Die Entscheidung dürfte auch hierzulande erhebliche Auswirkungen haben. Zum einen läuft derzeit ein Vertragsverletzungsverfahren der EU-Kommission gegen Deutschland, da die Richtlinie aufgrund der Entscheidung des Bundesverfassungsgerichts nicht (mehr) umgesetzt ist. Bei einer Verurteilung drohen Deutschland Strafzahlungen von bis zu 115 Mio. EUR pro Jahr. Dieses Verfahren wäre sicherlich vom Tisch, wenn der Gerichtshof die Richtlinie für unwirksam erklärt.

Zum anderen haben sich die Koalitionäre der Großen Koalition in ihrem Koalitionsvertrag eindeutig zur Vorratsdatenspeicherung bekannt. Völlig unklar ist aber, wer zur Vorratsdatenspeicherung verpflichtet sein soll und wer die Kosten der notwendigen Infrastruktur tragen muss. Nach den Erfahrungen des für nichtig erklärten ersten Umsetzungsversuchs kann nicht ausgeschlossen werden, dass von der Vorratsdatenspeicherung auch Unternehmen betroffen sein könnten, die nicht zu den klassischen Telekommunikationsdienstanbietern (z.B. Telefonanbieter, Internetanbieter, E-Mail-Provider) gehören. Dies stand jedenfalls für die Unternehmen und Einrichtungen im Raum, die nicht nur einem eng abgrenzbaren Personenkreis (wie z.B. eigenen Mitarbeitern oder immatrikulierten Studenten), sondern auch weiteren Personen (Kunden, Gäste) Zugang zum Internet ermöglichen.
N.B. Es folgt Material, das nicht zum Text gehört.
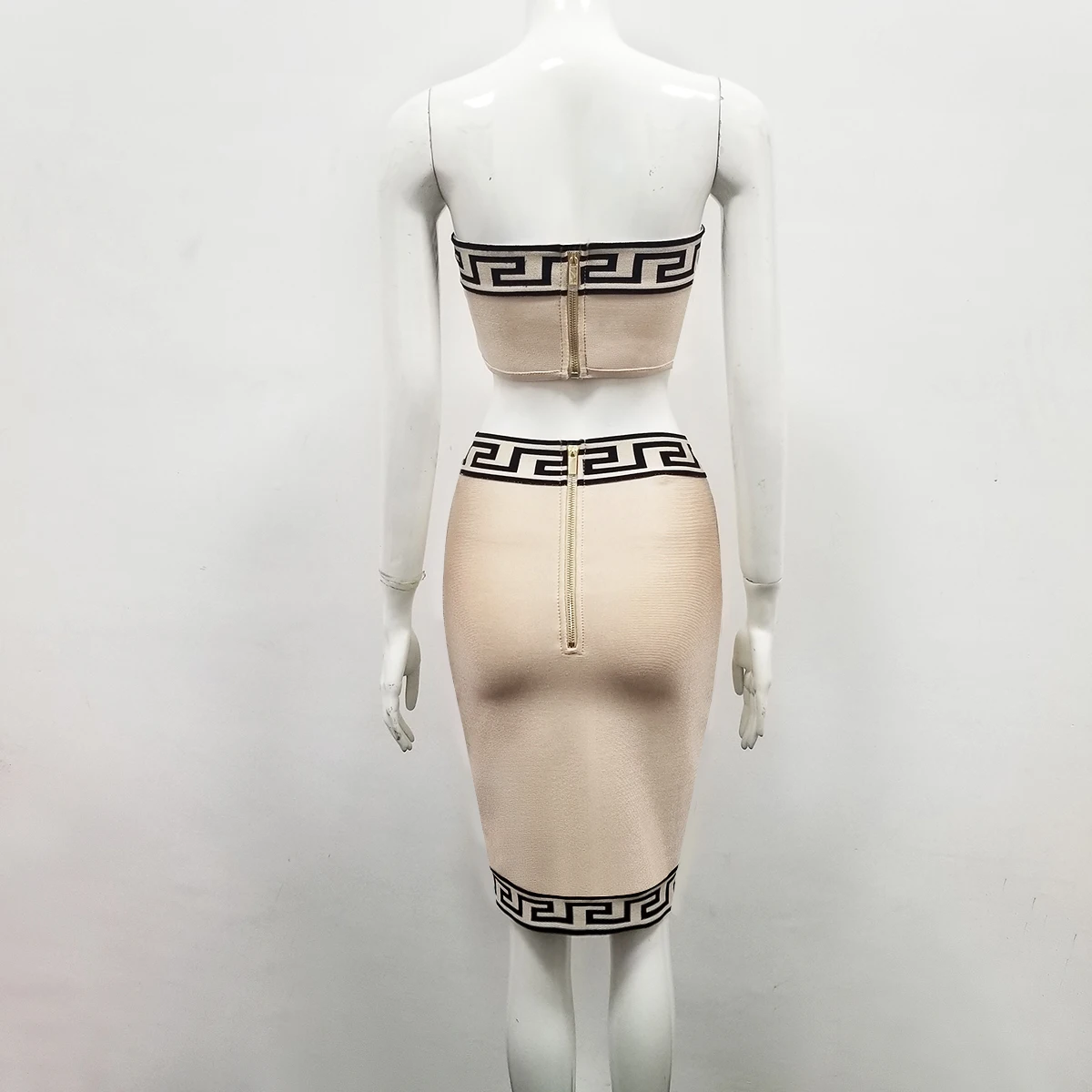 Новые модные сексуальные женские комплекты с квадратным воротником Топы средней длины-удлиненная юбка вискоза бандажные вечерние комплекты высокого качества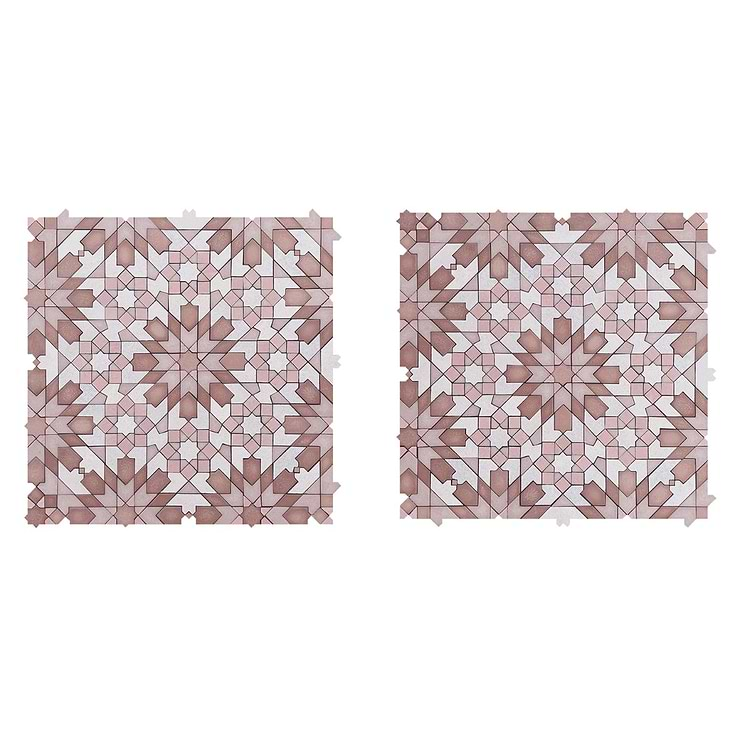 Cantico Taza Terracotta Rosa Mixed Lava Stone and Cement Mosaic Tile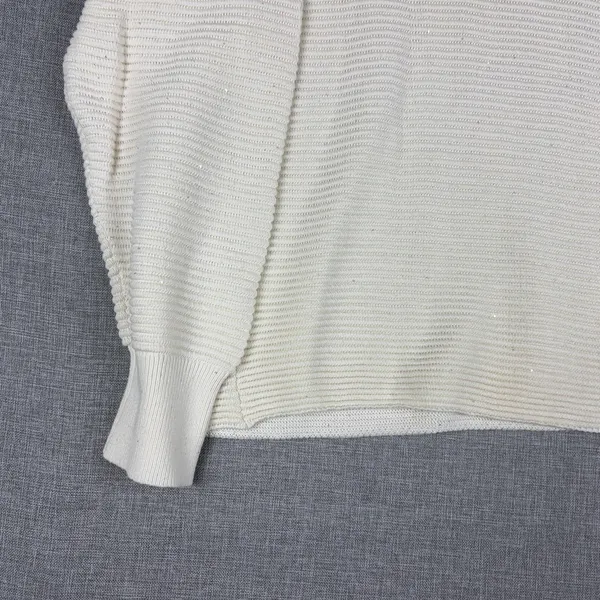 Tommy Bahama Sweater Womens L White Cotton V Neck Dolman Sleeve Knit Pullover - Image 11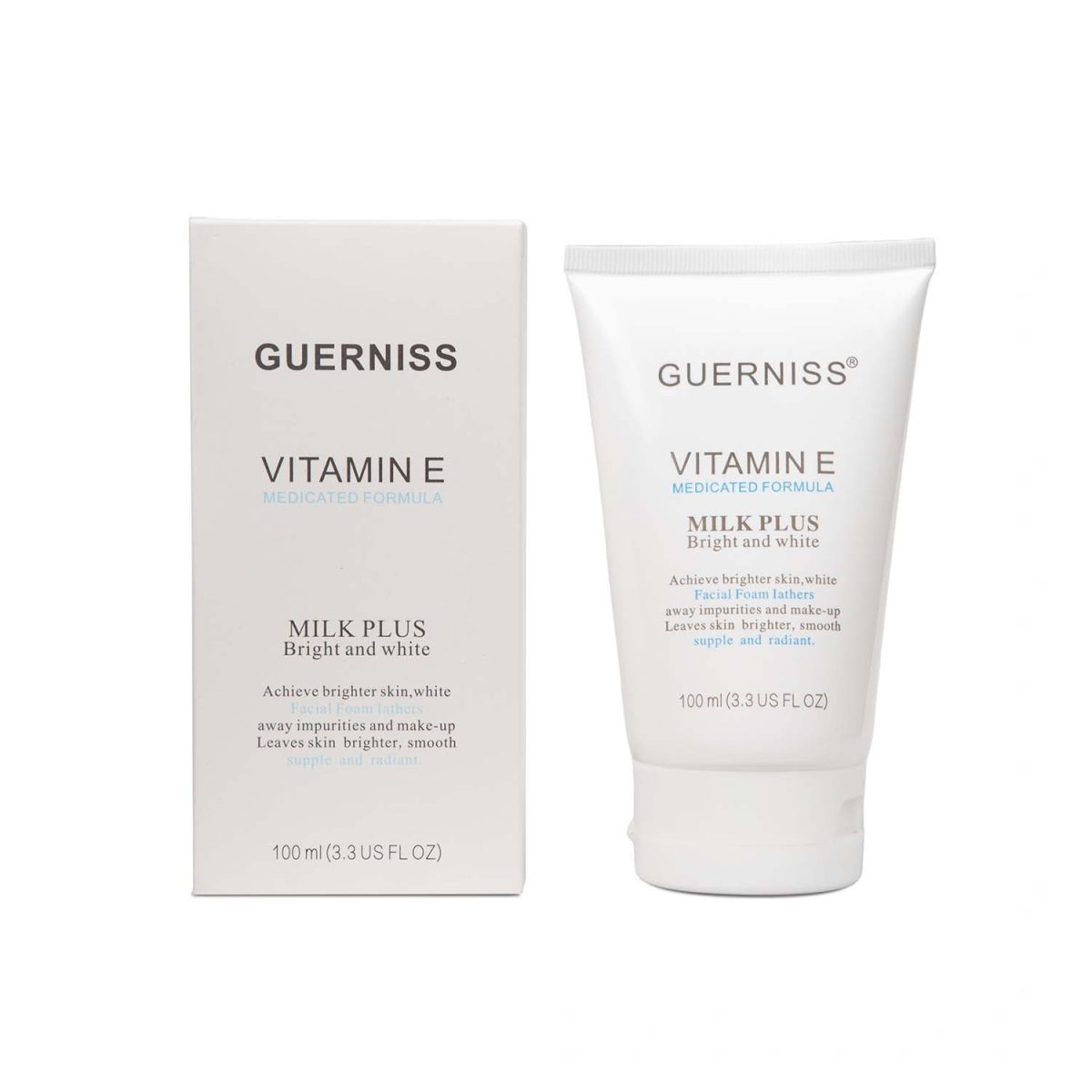 Guerniss Vitamin E Milk Plus Bright & White Face Wash 100ml - Image 1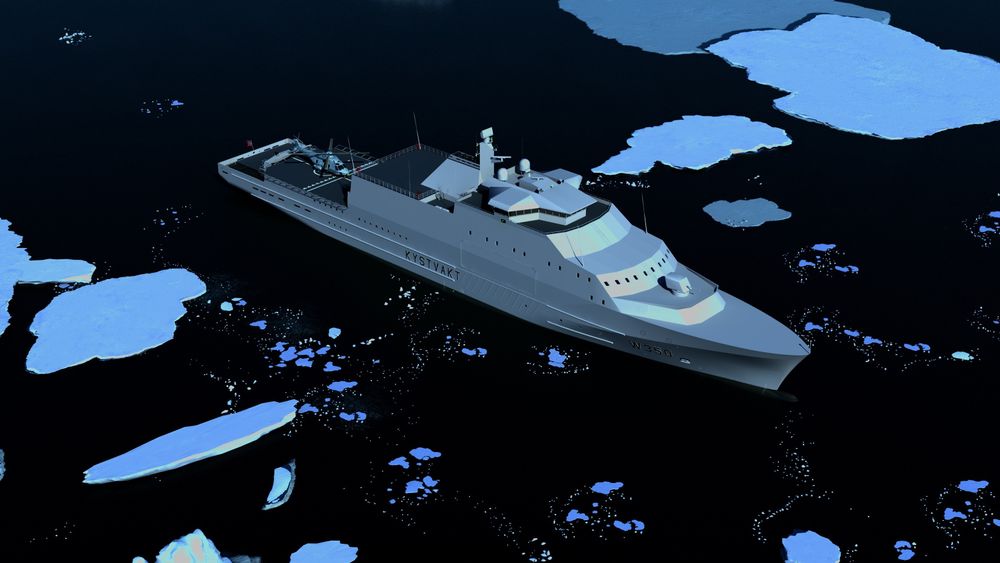 Kystvaktskipet KV Arctic tegnet i polare strøk med helikopter på akterdekk.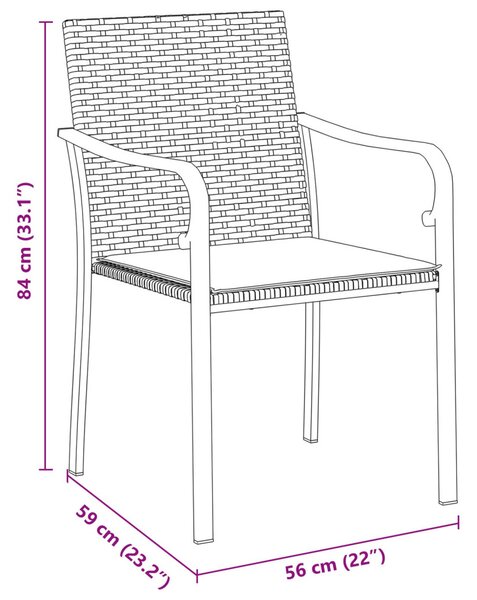 Kert étkező szett 7 pcs Barna és fekete PE Rattan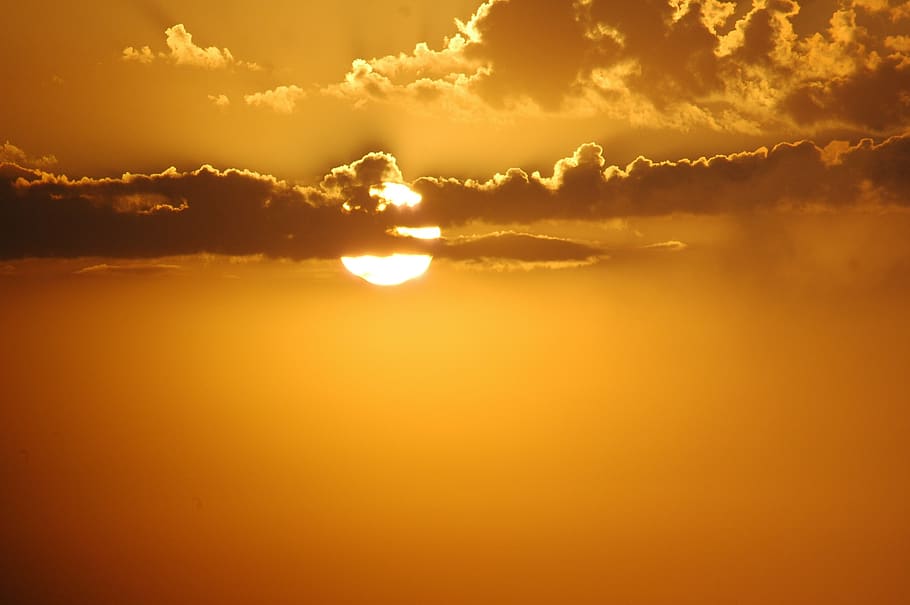 sun, sunset, sky, cloud - sky, sunlight, orange color, beauty in nature HD wallpaper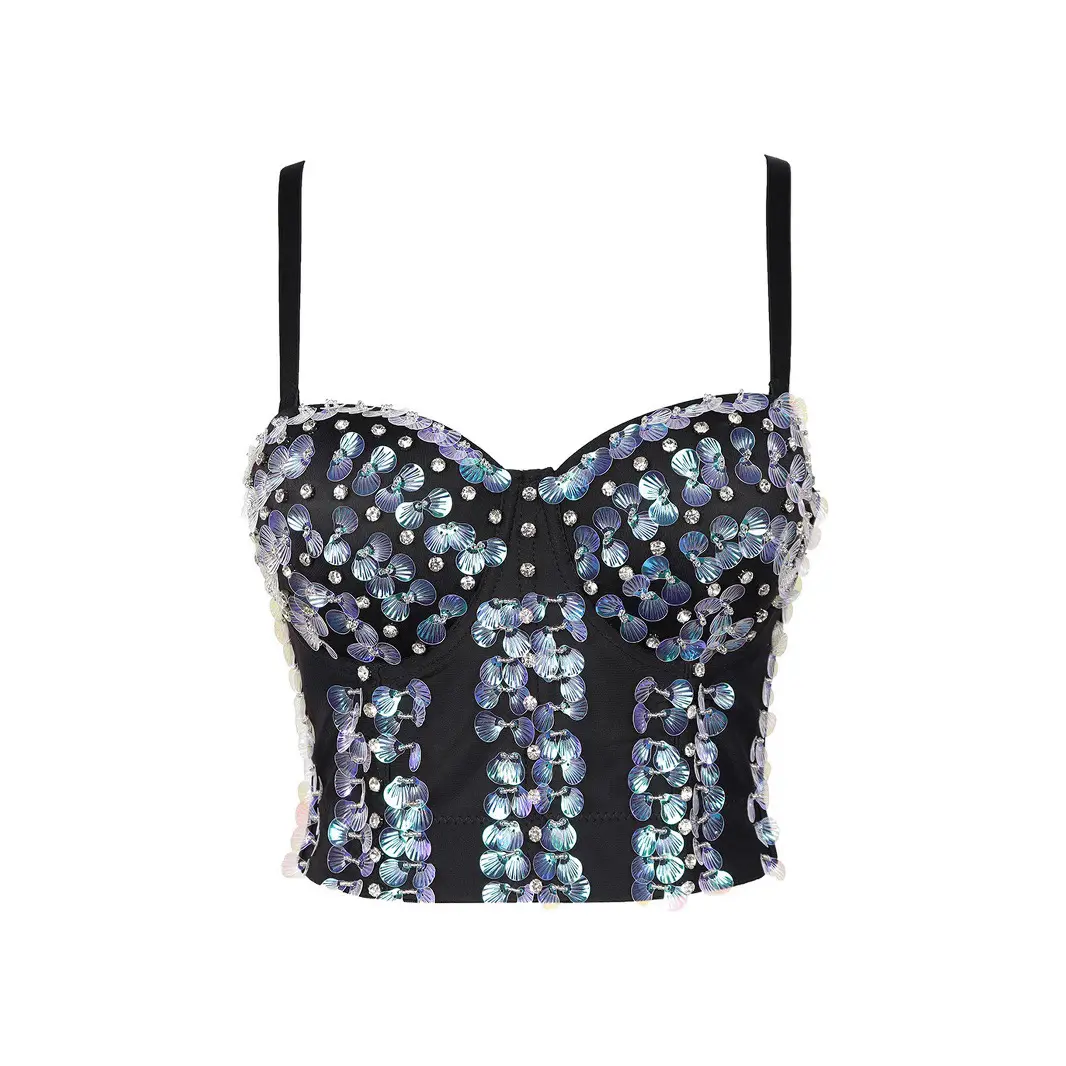 Women's Short Mini Crop Corset Top - Hand-Stitched Shell, Rhinestone Crystal Embellishments, Sexy Sleeveless Shaper Vest for Party Wear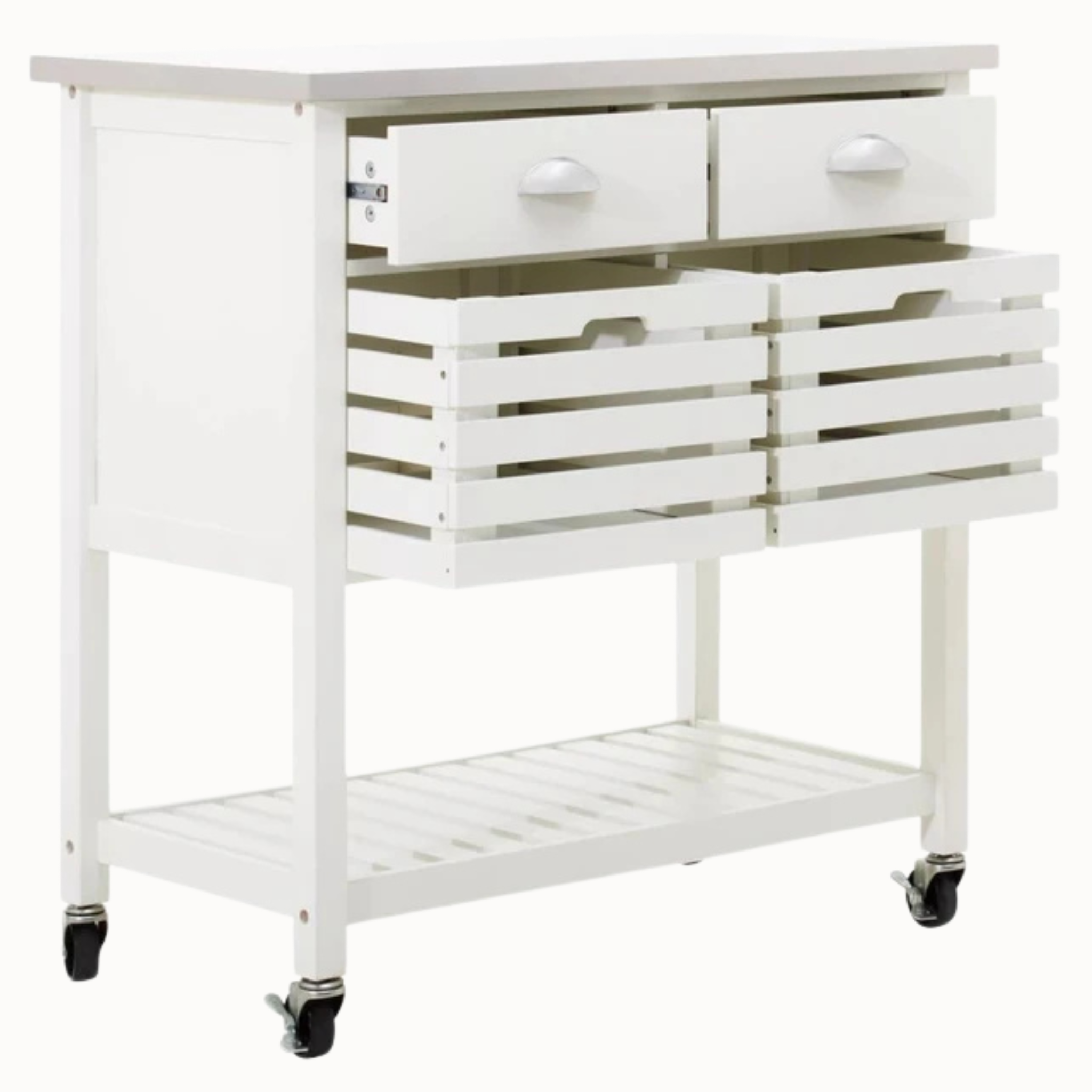 Cream kitchen trolley with open slatted storage baskets, two drawers and caster wheels on white.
Gerade kleinere und mittelständische Unternehmen - unabhängig ob Telekommunikationsdienstanbieter oder nicht - würde die Schaffung der notwendigen Infrastruktur vor erhebliche Probleme stellen.

Dem Antrag des Generalanwalts ist jedoch auch zu entnehmen, dass er eine grundrechtskonforme Richtlinie durchaus für möglich hält. Bis eine solche verabschiedet werden könnte, würde aber sicherlich einige Zeit vergehen. Zudem darf man gespannt sein, ob sich im Zuge der derzeitigen Diskussionen um Datenskandale überhaupt noch eine Mehrheit für eine gegebenenfalls erforderliche neue Richtlinie in den dafür zuständigen europäischen Gremien findet. Abzuwarten bleibt auch, ob hierzulande ein Gesetz zur Vorratsdatenspeicherung auch dann noch erlassen wird, wenn der Gerichtshof die Richtlinie für unwirksam erklärt.